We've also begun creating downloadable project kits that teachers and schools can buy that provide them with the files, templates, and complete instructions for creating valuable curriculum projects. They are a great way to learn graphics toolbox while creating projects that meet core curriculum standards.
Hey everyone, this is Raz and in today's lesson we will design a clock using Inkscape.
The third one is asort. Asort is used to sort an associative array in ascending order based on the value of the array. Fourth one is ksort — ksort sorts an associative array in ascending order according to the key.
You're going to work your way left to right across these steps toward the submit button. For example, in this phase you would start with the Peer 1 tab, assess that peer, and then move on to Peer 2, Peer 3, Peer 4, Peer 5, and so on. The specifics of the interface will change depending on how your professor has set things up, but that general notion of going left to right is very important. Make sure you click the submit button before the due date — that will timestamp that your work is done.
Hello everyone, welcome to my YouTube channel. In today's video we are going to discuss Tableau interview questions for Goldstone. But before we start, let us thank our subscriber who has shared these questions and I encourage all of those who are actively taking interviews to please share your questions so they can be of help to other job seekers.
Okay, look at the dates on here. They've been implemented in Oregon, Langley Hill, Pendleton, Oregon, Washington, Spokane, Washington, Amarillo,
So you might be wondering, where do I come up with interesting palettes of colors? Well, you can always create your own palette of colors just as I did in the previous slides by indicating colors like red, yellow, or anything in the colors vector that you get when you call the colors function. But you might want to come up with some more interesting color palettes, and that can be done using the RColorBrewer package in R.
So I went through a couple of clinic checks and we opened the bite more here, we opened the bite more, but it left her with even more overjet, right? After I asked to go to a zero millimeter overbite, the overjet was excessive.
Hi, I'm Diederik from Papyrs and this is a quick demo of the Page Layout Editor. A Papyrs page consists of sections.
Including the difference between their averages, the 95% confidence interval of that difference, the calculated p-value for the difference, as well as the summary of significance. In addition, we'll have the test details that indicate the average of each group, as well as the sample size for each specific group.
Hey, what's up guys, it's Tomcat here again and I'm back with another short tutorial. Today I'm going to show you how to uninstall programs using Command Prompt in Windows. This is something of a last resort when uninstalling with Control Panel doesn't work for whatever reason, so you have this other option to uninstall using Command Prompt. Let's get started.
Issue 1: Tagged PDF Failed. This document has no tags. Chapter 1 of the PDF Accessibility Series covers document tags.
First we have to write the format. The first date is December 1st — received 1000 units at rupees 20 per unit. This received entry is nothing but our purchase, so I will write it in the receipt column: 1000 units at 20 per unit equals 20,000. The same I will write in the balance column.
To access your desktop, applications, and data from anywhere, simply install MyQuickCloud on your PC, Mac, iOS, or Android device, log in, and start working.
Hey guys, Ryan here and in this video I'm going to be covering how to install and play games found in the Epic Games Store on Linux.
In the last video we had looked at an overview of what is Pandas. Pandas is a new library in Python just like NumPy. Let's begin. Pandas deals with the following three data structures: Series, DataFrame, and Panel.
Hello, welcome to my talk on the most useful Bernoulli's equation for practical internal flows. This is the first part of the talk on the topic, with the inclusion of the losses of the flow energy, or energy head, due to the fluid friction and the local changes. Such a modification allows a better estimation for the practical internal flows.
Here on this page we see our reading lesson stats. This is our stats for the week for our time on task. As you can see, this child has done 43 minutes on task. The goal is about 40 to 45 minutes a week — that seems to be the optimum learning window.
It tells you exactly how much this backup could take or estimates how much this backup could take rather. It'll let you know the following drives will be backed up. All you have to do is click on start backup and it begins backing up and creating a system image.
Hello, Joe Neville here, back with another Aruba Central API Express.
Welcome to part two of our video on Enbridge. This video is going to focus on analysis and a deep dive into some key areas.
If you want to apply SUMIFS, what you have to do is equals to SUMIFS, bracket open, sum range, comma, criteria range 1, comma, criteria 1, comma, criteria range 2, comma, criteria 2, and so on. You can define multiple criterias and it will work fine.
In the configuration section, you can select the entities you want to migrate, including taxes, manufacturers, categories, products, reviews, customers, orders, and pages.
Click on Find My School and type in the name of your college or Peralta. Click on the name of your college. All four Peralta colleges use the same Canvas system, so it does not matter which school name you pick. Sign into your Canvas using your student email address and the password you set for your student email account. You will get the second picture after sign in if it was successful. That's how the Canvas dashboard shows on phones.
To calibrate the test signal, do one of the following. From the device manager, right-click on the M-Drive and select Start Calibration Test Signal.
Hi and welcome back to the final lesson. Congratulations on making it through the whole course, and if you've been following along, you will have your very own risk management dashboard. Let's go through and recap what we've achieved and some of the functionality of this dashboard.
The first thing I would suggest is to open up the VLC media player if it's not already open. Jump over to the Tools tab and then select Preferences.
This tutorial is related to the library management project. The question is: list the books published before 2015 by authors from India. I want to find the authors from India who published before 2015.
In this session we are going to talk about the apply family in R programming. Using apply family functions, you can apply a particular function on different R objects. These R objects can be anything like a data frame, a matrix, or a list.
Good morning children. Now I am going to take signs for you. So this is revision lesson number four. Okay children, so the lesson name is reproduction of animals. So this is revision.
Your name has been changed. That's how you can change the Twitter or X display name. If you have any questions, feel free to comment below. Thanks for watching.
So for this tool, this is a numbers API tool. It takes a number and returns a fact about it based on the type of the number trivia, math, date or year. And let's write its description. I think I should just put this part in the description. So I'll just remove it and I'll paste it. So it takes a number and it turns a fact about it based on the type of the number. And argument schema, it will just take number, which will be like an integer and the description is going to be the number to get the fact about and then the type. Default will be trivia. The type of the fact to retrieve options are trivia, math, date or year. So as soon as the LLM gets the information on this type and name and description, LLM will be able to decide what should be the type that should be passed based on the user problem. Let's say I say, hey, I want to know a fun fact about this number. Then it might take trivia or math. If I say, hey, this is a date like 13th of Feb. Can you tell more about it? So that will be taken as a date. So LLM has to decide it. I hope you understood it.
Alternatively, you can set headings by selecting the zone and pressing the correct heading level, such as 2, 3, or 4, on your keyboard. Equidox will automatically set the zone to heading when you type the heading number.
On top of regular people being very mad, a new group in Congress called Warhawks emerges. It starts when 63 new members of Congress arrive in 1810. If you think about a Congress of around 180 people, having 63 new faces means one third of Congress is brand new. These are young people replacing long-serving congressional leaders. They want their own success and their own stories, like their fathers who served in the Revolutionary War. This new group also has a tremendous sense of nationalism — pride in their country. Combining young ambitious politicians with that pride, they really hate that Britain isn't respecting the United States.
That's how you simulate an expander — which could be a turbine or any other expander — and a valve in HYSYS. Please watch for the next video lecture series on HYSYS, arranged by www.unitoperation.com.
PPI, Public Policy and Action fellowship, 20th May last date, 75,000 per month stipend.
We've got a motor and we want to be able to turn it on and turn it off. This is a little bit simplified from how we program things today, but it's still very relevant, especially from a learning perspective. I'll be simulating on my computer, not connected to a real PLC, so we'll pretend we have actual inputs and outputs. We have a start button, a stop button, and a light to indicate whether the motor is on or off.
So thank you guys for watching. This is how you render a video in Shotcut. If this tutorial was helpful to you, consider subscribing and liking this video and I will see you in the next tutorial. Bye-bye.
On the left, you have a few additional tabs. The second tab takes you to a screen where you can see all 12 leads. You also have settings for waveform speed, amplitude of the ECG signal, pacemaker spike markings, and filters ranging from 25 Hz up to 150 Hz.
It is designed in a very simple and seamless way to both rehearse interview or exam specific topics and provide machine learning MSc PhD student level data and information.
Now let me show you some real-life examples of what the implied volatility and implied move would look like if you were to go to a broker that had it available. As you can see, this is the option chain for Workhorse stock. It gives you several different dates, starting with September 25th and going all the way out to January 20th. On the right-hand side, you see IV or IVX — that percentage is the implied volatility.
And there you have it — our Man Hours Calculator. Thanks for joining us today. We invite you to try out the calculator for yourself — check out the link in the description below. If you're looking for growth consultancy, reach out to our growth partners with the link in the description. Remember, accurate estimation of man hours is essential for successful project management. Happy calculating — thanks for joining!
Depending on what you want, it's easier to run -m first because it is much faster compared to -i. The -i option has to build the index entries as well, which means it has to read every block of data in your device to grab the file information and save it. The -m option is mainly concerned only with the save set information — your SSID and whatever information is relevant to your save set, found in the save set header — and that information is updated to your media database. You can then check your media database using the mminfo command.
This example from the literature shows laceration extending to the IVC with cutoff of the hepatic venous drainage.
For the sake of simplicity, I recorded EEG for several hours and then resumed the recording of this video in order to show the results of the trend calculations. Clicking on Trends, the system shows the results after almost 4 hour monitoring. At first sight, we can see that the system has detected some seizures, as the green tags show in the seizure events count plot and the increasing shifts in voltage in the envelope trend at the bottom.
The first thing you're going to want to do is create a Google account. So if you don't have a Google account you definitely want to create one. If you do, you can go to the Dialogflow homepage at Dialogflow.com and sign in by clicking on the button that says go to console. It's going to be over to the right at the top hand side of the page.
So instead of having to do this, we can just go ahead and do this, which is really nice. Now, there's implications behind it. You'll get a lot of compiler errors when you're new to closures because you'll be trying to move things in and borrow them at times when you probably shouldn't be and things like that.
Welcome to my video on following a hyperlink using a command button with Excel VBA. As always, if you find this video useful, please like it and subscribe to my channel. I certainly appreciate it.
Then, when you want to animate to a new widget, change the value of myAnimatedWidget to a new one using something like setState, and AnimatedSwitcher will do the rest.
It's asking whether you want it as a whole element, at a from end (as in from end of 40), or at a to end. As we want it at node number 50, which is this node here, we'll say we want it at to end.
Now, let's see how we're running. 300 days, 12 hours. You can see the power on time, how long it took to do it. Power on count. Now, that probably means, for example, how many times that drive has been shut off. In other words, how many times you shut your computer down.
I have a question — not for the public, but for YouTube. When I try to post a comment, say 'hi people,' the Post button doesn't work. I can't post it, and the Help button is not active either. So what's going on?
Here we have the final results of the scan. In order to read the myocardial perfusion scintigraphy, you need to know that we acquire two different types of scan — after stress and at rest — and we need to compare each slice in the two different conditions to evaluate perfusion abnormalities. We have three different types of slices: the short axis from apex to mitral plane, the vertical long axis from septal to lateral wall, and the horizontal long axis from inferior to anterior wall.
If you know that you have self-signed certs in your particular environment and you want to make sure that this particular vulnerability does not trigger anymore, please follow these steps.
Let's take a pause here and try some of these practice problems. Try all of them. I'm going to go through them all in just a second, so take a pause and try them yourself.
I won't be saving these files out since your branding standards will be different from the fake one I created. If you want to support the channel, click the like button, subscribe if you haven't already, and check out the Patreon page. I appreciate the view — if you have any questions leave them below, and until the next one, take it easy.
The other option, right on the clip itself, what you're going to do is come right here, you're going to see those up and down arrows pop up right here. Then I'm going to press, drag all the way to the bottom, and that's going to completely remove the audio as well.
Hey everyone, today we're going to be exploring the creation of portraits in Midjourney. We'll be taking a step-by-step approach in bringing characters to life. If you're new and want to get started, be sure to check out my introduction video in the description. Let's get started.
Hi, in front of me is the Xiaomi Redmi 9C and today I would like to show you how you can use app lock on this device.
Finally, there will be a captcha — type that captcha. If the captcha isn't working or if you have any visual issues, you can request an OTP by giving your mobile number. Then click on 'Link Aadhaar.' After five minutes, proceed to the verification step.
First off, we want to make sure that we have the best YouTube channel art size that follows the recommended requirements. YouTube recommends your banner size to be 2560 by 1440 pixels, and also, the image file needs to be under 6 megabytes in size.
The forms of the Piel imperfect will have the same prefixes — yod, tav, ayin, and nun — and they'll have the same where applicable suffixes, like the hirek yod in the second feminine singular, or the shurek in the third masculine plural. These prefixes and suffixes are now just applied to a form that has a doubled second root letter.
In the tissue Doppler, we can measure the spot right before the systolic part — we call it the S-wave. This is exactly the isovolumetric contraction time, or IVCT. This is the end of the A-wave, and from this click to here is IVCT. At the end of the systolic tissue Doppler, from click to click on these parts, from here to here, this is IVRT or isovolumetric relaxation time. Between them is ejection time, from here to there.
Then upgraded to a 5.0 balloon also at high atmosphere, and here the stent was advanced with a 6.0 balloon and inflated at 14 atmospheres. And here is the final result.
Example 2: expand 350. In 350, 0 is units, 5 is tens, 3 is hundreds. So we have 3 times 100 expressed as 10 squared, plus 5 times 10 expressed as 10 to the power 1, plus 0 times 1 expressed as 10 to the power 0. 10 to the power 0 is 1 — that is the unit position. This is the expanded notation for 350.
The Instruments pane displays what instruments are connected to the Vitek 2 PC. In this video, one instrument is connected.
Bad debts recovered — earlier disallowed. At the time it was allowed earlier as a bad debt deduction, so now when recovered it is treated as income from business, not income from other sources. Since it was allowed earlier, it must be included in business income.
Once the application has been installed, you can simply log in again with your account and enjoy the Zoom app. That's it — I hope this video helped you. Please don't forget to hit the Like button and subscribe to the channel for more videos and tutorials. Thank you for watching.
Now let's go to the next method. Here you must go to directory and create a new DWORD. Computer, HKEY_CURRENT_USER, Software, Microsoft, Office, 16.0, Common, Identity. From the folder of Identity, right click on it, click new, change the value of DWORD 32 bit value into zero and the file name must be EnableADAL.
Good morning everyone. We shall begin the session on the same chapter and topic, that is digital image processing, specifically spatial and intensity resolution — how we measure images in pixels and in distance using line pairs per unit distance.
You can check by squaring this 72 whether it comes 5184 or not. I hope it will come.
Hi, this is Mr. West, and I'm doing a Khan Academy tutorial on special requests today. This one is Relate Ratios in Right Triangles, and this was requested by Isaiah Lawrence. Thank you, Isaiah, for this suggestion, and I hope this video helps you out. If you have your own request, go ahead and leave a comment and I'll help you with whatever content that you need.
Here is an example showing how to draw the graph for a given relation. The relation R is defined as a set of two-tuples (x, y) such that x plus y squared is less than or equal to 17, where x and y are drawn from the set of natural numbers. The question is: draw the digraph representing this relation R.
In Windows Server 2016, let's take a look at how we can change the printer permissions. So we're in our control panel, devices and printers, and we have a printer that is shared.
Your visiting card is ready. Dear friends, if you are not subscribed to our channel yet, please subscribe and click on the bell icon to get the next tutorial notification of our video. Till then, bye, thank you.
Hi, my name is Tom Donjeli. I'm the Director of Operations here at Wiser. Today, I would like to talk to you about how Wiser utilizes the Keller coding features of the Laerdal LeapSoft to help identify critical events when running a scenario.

> _EXERCISE DIRECTIONS_
Take the lines from the one containing "Your visiting card" through the final line of the entries above, and set them down exactly, with nothing added.

> _OUTPUT_
Your visiting card is ready. Dear friends, if you are not subscribed to our channel yet, please subscribe and click on the bell icon to get the next tutorial notification of our video. Till then, bye, thank you.
Hi, my name is Tom Donjeli. I'm the Director of Operations here at Wiser. Today, I would like to talk to you about how Wiser utilizes the Keller coding features of the Laerdal LeapSoft to help identify critical events when running a scenario.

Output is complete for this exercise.